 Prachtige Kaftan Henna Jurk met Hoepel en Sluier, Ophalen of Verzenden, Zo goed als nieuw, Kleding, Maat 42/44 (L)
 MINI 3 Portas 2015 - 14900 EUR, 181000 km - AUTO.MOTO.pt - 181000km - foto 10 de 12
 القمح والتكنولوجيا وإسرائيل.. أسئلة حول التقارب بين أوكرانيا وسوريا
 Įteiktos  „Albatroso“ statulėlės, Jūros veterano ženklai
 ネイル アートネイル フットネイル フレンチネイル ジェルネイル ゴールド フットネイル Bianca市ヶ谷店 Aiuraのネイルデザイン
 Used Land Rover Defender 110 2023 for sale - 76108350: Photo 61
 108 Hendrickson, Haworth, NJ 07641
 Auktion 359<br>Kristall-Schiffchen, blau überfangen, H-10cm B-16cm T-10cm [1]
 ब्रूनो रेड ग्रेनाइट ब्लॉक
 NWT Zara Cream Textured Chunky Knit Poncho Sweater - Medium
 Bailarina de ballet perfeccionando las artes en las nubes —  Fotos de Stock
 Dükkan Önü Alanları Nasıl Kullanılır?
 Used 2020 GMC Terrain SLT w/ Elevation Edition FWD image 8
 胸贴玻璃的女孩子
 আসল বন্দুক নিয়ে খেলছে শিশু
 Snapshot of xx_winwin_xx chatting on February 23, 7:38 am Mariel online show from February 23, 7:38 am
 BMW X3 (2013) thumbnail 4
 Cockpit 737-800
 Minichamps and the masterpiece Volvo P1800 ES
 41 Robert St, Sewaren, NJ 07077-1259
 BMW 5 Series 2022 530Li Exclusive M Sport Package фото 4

◆ TASK TO CARRY OUT ◆
Every line above should be output exactly as it stands.

◆ TASK RESULT ◆
 Prachtige Kaftan Henna Jurk met Hoepel en Sluier, Ophalen of Verzenden, Zo goed als nieuw, Kleding, Maat 42/44 (L)
 MINI 3 Portas 2015 - 14900 EUR, 181000 km - AUTO.MOTO.pt - 181000km - foto 10 de 12
 القمح والتكنولوجيا وإسرائيل.. أسئلة حول التقارب بين أوكرانيا وسوريا
 Įteiktos  „Albatroso“ statulėlės, Jūros veterano ženklai
 ネイル アートネイル フットネイル フレンチネイル ジェルネイル ゴールド フットネイル Bianca市ヶ谷店 Aiuraのネイルデザイン
 Used Land Rover Defender 110 2023 for sale - 76108350: Photo 61
 108 Hendrickson, Haworth, NJ 07641
 Auktion 359<br>Kristall-Schiffchen, blau überfangen, H-10cm B-16cm T-10cm [1]
 ब्रूनो रेड ग्रेनाइट ब्लॉक
 NWT Zara Cream Textured Chunky Knit Poncho Sweater - Medium
 Bailarina de ballet perfeccionando las artes en las nubes —  Fotos de Stock
 Dükkan Önü Alanları Nasıl Kullanılır?
 Used 2020 GMC Terrain SLT w/ Elevation Edition FWD image 8
 胸贴玻璃的女孩子
 আসল বন্দুক নিয়ে খেলছে শিশু
 Snapshot of xx_winwin_xx chatting on February 23, 7:38 am Mariel online show from February 23, 7:38 am
 BMW X3 (2013) thumbnail 4
 Cockpit 737-800
 Minichamps and the masterpiece Volvo P1800 ES
 41 Robert St, Sewaren, NJ 07077-1259
 BMW 5 Series 2022 530Li Exclusive M Sport Package фото 4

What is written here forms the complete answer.